Kernel Benchmarks

Benchmark Overview

This suite validates a single systems claim:

Public-path recomputation should be bounded by dependency complexity (k), not dataset size (n).
Secret-path overhead must be measurable, bounded, and continuously improved without changing DSL semantics.

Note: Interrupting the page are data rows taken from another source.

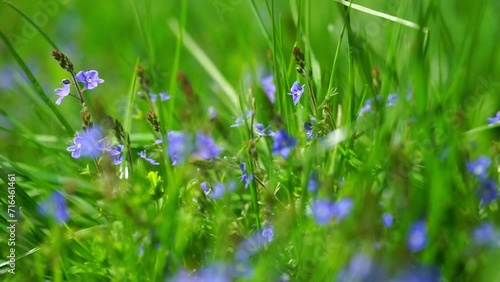 Wild blue gepsyweed or Veronica germander flower in the meadow. Slow motion photo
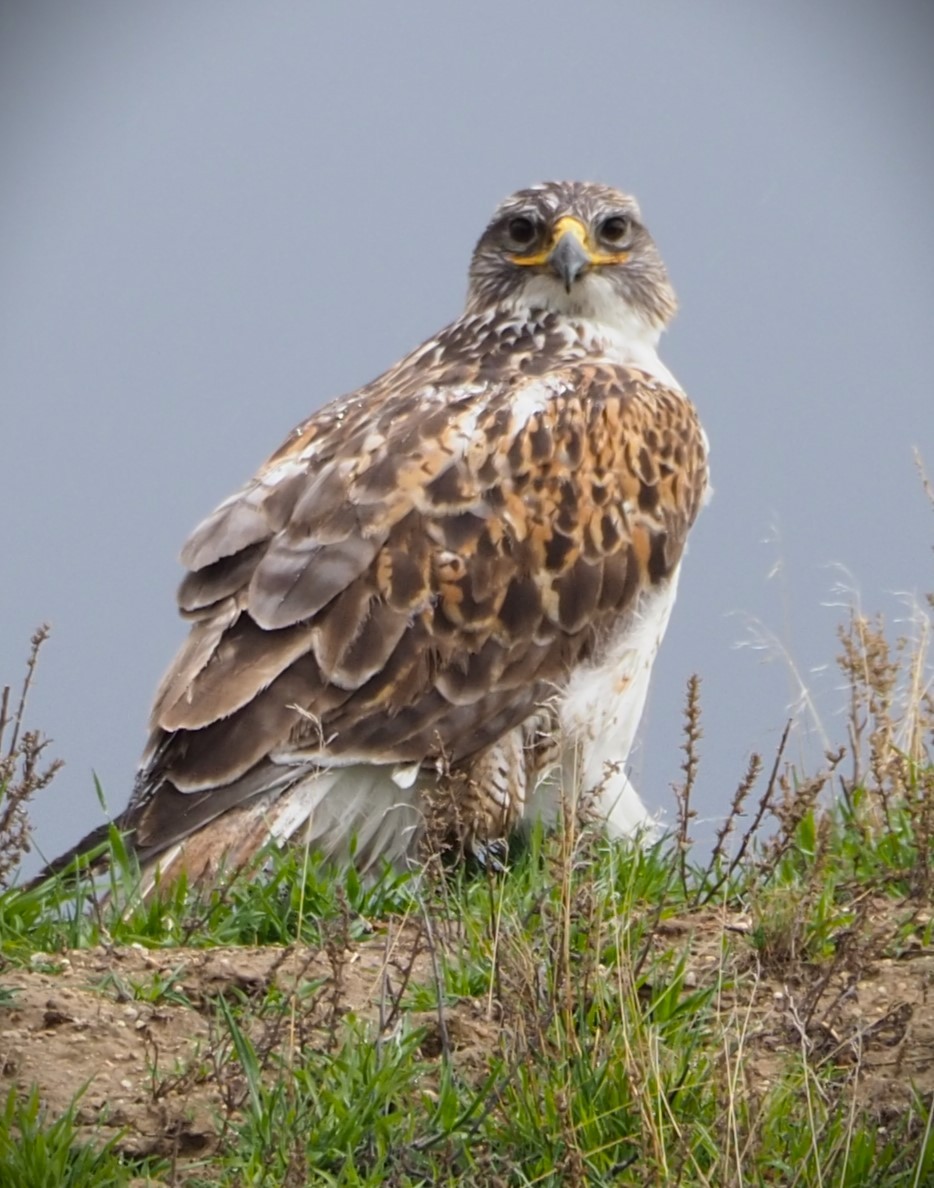 Ferruginous Hawk - ML619624372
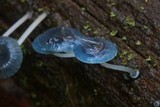Mycena interrupta image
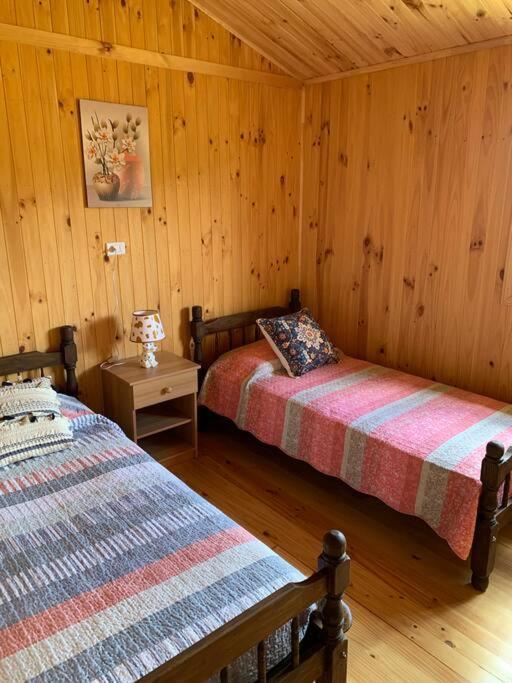 Cabaña laurel lago panguipulli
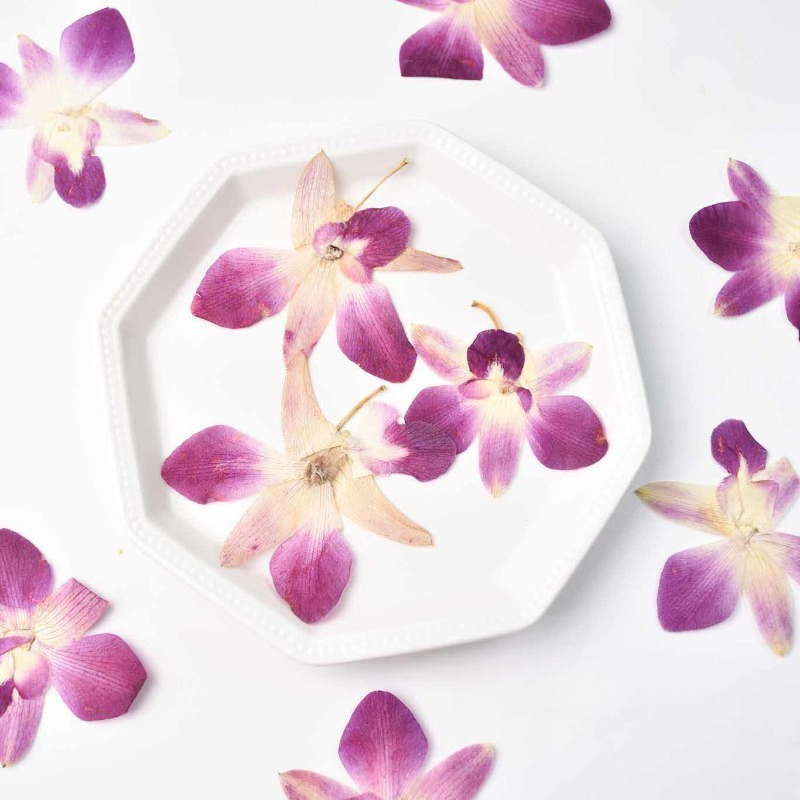 Resin Art Photo Frame - 4 ชิ้น, ดอกกล้วยไม้ผีเสื้อแท้แบบกดอัด, งานศิลปะเรซิ่น DIY, สมุดภาพ,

Performance Phases (Closed Status)

The kernel now has three completed performance phases:

Phase	What Closed	Latest Closure Signal
Phase 1	Batch write viability + lightweight journal hygiene	Stable `14ms-20ms` batch writes per 100-item chunk, practical ceiling around `137,300` items before V8 heap residency became the limiter.
Phase 2	Bounded residency + columnar secret vector corpus	Columnar secret chunks validated, `Float32Array` payload round-trip confirmed, and the 100k encrypted leaf-write microbenchmark reached `1886 vps` with roughly `122MB` post-GC heap.
Phase 3	Exact baseline + IVF sidecar search	On a realistic chunk-coherent corpus, `100k` vectors now search at `3.32s p95` with `recall@10 = 1.000`, `18.4` chunks/query, and `23.2x` speedup over exact scan.

Phase Closure Summary

Phase 1 | Batch Write Path and Journal Discipline

Benchmarks:

tests/Fase.1GB.js
tests/Benchmarks/Fase.1.Final.BenchmarkReport.js

What Phase 1 proved:

The batch write path remained stable deep into the run instead of degrading quadratically.
commitIndexedBatch() no longer retained full batch payloads in _memories; audit entries stayed lightweight.
The practical ceiling was live V8 heap residency, not write-path collapse or journal duplication.

Key closure numbers:

Typical batch latency: 14ms-20ms per 100-item chunk
Practical ceiling: ~137,300 items before heap OOM
Peak heap region observed: ~1660MB

Phase 2 | Bounded Residency and Secret Vector Storage

Benchmarks:

tests/Benchmarks/benchmark.vector-corpus.ts
tests/Benchmarks/benchmark-100.ts

What Phase 2 closed:

Secret vector corpora now write as chunked columnar envelopes instead of tree-shaped JS payloads.
Chunk reads come back as Float32Array payloads, not Array.from() materializations.
The write path moved from “heap residency risk” to a stable, disk-backed bounded-residency model.

Key closure signals:

benchmark.vector-corpus.ts: columnarWrites > 0, Float32Array payload confirmed, chunk-read heap delta ~2.7MB
benchmark-100.ts (leaf-write microbenchmark): 100k encrypted vectors in 0.9min, 1886 vps, ~122MB post-GC heap

Phase 3 | Exact Search + IVF Sidecar

Benchmarks:

tests/Fase.3.0.search-exact.test.ts
tests/Benchmarks/benchmark.search-exact-scale.ts
tests/Benchmarks/benchmark.ivf-vs-exact.ts
tests/Benchmarks/benchmark.ivf-tuning.ts

What Phase 3 closed:

searchExact() established a correctness baseline before approximate search.
IVF became a persistent sidecar outside the kernel log, with explicit buildVectorIndex() and searchVector() APIs.
Candidate-cap tuning, chunk-aware build, and realistic-vs-hostile corpus separation made ANN behavior measurable instead of anecdotal.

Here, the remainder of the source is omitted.